* EXERCISE
How do the lines below between the ones holding "Lot 151: A Pair" and "Detail shot of", inclusive, read? Give them again exactly, with no other lines.

* GIVEN ENTRIES
======

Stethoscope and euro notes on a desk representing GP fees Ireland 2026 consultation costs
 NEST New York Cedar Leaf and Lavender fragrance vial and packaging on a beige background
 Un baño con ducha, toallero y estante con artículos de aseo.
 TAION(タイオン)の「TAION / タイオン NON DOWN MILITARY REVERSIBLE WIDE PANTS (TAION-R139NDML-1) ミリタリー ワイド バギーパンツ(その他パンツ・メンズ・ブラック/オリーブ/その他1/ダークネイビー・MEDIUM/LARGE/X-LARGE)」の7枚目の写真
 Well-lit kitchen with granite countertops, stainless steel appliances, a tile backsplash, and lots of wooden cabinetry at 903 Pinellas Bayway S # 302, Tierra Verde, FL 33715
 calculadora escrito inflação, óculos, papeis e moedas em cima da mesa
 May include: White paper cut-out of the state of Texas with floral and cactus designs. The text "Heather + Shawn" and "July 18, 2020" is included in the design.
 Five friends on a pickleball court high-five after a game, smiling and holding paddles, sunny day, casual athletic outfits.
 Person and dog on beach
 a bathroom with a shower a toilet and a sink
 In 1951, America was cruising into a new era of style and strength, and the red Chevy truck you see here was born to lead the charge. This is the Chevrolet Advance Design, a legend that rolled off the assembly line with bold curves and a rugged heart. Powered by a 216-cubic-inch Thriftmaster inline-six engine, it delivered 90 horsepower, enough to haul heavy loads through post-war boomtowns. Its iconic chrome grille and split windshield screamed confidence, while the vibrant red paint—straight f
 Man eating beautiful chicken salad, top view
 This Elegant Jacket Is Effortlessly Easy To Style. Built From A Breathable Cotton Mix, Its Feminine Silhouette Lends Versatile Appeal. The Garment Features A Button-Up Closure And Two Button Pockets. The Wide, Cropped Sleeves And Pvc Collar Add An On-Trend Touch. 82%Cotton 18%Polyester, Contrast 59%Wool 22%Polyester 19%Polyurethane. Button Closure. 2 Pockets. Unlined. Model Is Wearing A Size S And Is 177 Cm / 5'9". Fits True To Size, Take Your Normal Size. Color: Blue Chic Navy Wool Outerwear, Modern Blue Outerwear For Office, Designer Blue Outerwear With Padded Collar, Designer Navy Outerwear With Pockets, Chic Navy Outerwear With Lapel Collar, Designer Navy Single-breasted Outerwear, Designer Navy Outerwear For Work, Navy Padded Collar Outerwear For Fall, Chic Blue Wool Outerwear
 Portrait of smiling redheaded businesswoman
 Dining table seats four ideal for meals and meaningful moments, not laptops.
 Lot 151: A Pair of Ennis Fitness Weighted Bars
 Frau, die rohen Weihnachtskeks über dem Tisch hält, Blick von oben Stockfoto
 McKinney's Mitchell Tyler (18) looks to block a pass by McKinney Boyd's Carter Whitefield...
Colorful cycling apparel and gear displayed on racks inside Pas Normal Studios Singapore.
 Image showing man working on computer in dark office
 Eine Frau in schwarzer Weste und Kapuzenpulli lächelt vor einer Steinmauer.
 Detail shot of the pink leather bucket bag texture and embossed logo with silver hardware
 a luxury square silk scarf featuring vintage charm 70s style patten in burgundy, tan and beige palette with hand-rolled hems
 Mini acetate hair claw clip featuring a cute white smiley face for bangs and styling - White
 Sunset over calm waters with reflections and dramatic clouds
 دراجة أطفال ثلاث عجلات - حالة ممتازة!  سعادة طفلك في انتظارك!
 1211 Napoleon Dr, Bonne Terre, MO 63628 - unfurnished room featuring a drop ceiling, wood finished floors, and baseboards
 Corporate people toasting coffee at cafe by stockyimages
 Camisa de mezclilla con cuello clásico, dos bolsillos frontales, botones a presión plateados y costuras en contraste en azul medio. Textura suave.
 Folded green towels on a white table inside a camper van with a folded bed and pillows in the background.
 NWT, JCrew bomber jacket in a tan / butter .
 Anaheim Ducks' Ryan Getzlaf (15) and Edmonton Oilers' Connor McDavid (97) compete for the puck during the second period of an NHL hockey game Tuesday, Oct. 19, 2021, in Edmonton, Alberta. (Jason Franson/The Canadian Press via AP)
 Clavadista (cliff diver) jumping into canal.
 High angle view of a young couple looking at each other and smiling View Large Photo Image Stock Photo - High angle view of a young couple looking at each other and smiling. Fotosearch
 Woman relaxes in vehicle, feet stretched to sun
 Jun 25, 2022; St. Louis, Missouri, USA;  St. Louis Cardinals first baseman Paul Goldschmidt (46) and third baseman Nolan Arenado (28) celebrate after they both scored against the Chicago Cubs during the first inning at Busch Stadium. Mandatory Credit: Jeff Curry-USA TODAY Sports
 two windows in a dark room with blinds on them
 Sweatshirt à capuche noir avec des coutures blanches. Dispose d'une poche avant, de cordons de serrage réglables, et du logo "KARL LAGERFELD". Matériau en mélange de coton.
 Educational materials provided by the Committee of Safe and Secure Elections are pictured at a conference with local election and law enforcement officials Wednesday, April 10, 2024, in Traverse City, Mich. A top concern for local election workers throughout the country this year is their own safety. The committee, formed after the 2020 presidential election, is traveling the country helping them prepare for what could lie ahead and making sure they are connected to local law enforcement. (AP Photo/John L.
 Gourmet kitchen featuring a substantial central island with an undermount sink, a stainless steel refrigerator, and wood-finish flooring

======

* RESPONSE
 Lot 151: A Pair of Ennis Fitness Weighted Bars
 Frau, die rohen Weihnachtskeks über dem Tisch hält, Blick von oben Stockfoto
 McKinney's Mitchell Tyler (18) looks to block a pass by McKinney Boyd's Carter Whitefield...
Colorful cycling apparel and gear displayed on racks inside Pas Normal Studios Singapore.
 Image showing man working on computer in dark office
 Eine Frau in schwarzer Weste und Kapuzenpulli lächelt vor einer Steinmauer.
 Detail shot of the pink leather bucket bag texture and embossed logo with silver hardware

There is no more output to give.